> The records:
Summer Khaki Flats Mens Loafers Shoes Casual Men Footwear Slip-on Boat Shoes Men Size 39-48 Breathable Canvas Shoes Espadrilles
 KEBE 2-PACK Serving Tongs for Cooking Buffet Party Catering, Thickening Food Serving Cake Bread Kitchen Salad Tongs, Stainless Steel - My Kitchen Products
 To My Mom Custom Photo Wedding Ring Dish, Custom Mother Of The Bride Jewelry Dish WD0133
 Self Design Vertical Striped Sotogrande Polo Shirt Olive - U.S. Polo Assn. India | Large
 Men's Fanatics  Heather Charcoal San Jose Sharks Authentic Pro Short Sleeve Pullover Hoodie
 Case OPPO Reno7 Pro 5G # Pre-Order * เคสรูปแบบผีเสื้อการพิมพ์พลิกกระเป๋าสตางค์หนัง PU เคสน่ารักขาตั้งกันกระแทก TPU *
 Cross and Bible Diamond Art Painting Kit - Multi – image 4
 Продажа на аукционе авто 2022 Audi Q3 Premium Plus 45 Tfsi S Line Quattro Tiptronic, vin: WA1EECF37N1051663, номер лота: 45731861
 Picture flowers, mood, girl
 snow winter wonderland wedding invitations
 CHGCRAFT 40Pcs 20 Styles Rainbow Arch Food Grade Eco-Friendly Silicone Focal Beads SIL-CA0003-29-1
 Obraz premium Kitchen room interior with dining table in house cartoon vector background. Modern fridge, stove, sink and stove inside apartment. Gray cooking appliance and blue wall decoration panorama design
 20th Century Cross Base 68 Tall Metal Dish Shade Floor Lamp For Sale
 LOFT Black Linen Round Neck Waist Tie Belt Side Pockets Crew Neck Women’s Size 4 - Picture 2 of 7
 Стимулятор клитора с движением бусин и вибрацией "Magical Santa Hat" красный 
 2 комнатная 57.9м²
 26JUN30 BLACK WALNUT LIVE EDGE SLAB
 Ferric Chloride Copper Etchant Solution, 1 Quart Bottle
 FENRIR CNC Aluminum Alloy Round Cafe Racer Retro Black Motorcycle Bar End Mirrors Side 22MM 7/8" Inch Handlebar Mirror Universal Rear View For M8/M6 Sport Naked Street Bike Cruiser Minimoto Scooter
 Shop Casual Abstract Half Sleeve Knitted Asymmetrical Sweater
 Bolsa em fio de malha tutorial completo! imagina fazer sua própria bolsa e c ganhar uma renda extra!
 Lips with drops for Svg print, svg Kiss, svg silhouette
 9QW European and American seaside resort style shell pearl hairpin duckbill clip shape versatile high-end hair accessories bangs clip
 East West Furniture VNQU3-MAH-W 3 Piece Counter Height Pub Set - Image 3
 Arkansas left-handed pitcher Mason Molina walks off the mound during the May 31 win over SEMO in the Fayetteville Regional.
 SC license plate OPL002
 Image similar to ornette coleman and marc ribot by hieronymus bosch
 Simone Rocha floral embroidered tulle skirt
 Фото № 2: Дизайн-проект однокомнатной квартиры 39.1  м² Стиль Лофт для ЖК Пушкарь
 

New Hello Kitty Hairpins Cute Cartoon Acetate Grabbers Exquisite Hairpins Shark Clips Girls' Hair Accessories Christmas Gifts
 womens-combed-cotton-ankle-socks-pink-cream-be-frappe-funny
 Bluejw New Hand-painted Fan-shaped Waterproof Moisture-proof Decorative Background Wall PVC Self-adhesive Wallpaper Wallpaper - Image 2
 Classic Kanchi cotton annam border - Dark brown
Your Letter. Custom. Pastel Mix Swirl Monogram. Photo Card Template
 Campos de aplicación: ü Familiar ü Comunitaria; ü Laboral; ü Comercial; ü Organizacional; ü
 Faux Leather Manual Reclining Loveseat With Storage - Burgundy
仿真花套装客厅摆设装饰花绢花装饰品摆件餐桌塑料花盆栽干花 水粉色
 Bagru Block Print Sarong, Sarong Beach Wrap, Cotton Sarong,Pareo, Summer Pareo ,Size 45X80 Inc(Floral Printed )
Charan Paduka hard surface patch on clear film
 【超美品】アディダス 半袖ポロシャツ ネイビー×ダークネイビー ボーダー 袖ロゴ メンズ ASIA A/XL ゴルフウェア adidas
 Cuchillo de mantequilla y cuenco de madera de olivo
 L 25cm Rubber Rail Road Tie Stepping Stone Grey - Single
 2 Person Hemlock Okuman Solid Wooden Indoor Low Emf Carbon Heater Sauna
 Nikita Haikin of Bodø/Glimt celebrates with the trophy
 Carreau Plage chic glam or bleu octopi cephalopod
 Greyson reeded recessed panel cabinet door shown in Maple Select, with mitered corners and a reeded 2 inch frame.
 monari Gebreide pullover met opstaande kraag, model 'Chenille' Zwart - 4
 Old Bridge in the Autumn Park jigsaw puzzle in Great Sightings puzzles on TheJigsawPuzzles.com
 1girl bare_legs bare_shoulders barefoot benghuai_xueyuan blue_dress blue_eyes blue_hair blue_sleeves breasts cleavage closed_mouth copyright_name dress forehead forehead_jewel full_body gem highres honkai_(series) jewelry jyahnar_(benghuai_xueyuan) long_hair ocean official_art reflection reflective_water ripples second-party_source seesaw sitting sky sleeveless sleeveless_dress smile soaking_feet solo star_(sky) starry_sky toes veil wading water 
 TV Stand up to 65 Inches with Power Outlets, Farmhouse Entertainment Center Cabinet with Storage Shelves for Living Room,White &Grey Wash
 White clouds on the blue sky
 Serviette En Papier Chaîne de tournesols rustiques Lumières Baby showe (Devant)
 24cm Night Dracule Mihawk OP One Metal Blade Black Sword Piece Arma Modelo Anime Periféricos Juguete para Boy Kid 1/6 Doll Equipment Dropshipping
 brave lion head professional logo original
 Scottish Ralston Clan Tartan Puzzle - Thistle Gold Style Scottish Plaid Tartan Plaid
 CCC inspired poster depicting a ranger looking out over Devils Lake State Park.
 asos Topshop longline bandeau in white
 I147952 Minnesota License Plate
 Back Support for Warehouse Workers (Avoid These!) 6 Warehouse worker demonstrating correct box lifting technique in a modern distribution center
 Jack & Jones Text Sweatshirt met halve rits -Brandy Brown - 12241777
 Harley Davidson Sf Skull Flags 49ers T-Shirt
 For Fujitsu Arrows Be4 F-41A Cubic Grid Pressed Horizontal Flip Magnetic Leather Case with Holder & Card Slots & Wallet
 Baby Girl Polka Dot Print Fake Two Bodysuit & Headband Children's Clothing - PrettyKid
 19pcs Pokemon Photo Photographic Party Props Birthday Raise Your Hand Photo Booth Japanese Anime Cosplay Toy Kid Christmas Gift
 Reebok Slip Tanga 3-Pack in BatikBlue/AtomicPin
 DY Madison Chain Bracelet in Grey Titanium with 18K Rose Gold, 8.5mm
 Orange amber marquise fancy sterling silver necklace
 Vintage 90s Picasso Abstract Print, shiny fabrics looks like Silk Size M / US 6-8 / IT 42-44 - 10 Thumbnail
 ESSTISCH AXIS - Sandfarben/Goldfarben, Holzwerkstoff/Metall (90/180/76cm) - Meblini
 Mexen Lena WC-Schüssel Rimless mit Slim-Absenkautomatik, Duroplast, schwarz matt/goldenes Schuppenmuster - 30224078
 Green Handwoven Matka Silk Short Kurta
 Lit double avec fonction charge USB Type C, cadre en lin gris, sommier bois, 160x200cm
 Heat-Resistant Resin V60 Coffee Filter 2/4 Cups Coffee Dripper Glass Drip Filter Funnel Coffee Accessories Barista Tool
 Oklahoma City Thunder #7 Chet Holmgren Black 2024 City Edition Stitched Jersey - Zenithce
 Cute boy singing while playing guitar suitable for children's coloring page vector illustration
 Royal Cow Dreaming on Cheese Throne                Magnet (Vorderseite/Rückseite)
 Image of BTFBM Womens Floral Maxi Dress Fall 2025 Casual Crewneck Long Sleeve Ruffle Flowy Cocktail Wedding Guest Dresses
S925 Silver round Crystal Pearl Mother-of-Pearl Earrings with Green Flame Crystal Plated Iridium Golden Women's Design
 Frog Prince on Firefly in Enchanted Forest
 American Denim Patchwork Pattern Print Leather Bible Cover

> Description of the task:
Whenever the word "Baby" appears in a line above, copy that line.

> Exercise solution:
 Serviette En Papier Chaîne de tournesols rustiques Lumières Baby showe (Devant)
 Baby Girl Polka Dot Print Fake Two Bodysuit & Headband Children's Clothing - PrettyKid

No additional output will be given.